No model runs were found that satisfied acceptability criteria for all the evaluation measures used. It was found that some of the evaluation measures were poorly correlated. Thus, different evaluation measures, weighted by different measures of vulnerability, were used to provide sets of behavioural models for different types of prediction. This gave differences in the estimates of flood risk in different parts of the flood plain (Figure 4).

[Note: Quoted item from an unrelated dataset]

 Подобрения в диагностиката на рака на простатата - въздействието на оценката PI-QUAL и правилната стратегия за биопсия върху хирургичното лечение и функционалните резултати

Figure 4: Differences in estimated flood risk predicted using different local evaluation measures relative to using global measure. A. weighted by road km. B. weighted by numbers of buildings.

Comment

Flood inundation prediction is an example of where there are many different sources of uncertainty that interact nonlinearly with model structural errors. It is therefore perhaps not too surprising that it might be difficult to find models that are acceptable everywhere and on all measures when evaluated against field observations. GLUE is a useful methodology in recognizing model failures in that it does not attempt to compensate for model deficiencies by using an explicit representation of the errors themselves (though it ca do as an additional model component in the analysis if required), since the structure of the errors is often complex and non-stationary. That means, however, that we might choose to use local evaluations for particular types of prediction (here taking different types of vulnerability into account) and not worry too much about models that do not produce good results in places where it is not important. There is, of course, always a danger of over-fitting to specific requirements, such that the quality of the predictions is degraded when applied to other events with different characteristics. This can only be addressed, however, when new data become available at which point the weights on individual models can be updated (see the discussion of Beven, 2007).

References

• Aronica, G, Hankin, B.G., Beven, K.J., 1998, Uncertainty and equifinality in calibrating distributed roughness coefficients in a flood propagation model with limited data, Advances in Water Resources, 22(4), 349-365.

• Bates, P. D., Horritt, M. S., Aronica, G. and Beven, K J, 2004, Bayesian updating of flood inundation likelihoods conditioned on flood extent data, Hydrological Processes, 18, 3347-3370.

• Beven, K. (2006). "A manifesto for the equifinality thesis." Journal of Hydrology 320(1-2): 18-36.

• Beven, K J, 2007, Working towards integrated environmental models of everywhere: uncertainty, data, and modelling as a learning process. Hydrology and Earth System Science, 11(1), 460-467.

• Pappenberger, F., Beven, K., Horritt, M., Blazkova, S., 2005, Uncertainty in the calibration of effective roughness parameters in HEC-RAS using inundation and downstream level observations, Journal of Hydrology, 302, 46-69.

• Pappenberger, F., Beven, K.J., Frodsham, K., Romanovicz, R. and Matgen, P., 2006a. Grasping the unavoidable subjectivity in calibration of flood inundation models: a vulnerability weighted approach. Journal of Hydrology, 333, 275-287.

• Pappenberger, F., Frodsham, K., Beven, K J, Romanovicz, R. and Matgen, P., 2006b. Fuzzy set approach to calibrating distributed flood inundation models using remote sensing observations. Hydrology and Earth System Sciences, 10,1-14.